Math (562419), страница 16
Текст из файла (страница 16)
This discovery had a significant impact on the understanding of ancient Greek mathematics, for two reasons. The first is the aim of the paper, summarized by Archimedes[2] [54, Vol. 2, p. 221]:
Moreover, seeing in you, as I say, a zealous student and a man of considerable eminence in philosophy, who gives due honour to mathematical inquiries when they arise, I have thought fit to write out for you and explain in detail in the same book the peculiarity of a certain method, with which furnished you will be able to make a beginning in the investigation by mechanics of some of the problems in mathematics. I am persuaded that this method is no less useful even for the proofs the theorems themselves.

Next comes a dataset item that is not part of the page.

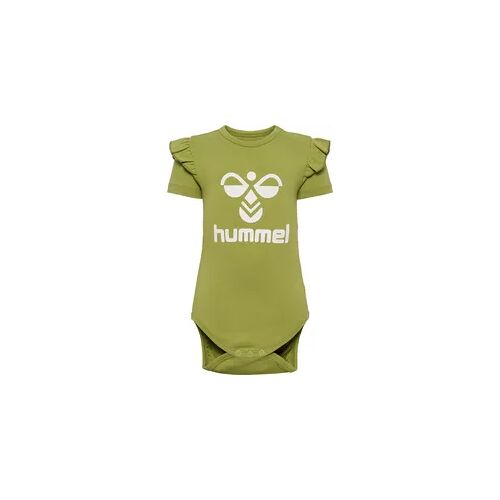 Strampler Hmldream Mädchen HUMMEL grün 72-74cm 9-12M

For some things first became clear to me by mechanics, though they had later to be proved geometrically owing to the fact that investigation by this method does not amount to actual proof; but it is, of course, easier to provide the proof when some knowledge of the things sought has been acquired by this method rather than to seek it with no prior knowledge.

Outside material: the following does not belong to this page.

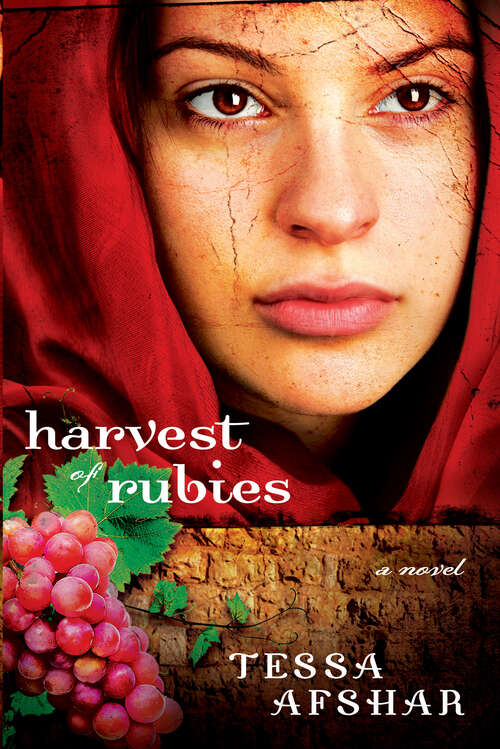 Book cover of Harvest of Rubies (New Edition)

This is a radical divergence from all other extant Greek works, as T.L. Heath explains [6, Supplement, p. 6]:
Nothing is more characteristic of the classical works of the great geometers of Greece, or more tantalising, than the absolve of any indication of the steps by which they worked their ways to the discovery of their great theorems. As they have come down to us, these theorems are finished masterpieces which leave no traces of any rough-hewn stage, no hint of the method by which they were evolved ... A partial exception is now furnished by The Method; for here we have a sort of lifting of the veil, a glimpse of the interior of Archimedes' workshop as it were.

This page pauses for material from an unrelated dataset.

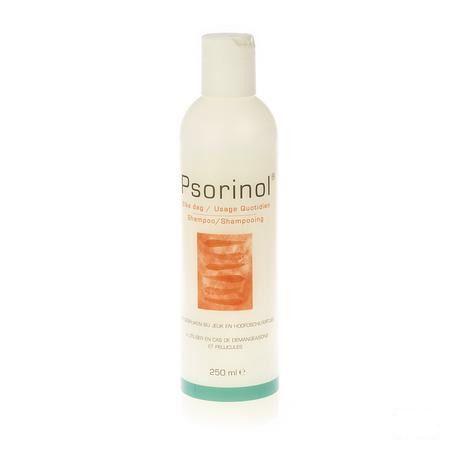 Sorinol Elke Dag Shampoo Tegen Schilfers 250 ml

The other surprising aspect of The Method is the revelation that Archimedes worked with infinitesimals, for example, "The triangle GammaZA is composed of the straight lines drawn in GammaZA" [54, Vol. 2, p. 227], "The cylinder, the sphere and the cone being filled by circles thus taken." [8, vol. 3, p. 91], see [1] [42]. As every mathematician knows, infinitesimals were reinvented by mathematicians such as Cavalieri (1598-1647) and Leibniz (1646-1716), see [2] [21]. Archimedes used them to compute the area and volumes of various geometrical figures including what he considered his greatest achievement:[3]
Any cylinder having for its base the greatest of the circles in the sphere, and having its height equal to the diameter of the sphere, is one-and-a-half times the sphere, a result he subsequently proved, On the Sphere and Cylinder, I, Corollary to Proposition 34 [54, Vol. 2, p. 125]. Archimedes understood that his method does not produce valid proofs due to its use of infinitesimals, [4] though it is unclear if the same is true of his successors. In any case, it is easy to make the arguments rigorous, given present knowledge. The basic ideas of The Method are still presented in contemporary calculus courses [35] [51, p. 709], and a physical model of Archimedes's argument has been built [25].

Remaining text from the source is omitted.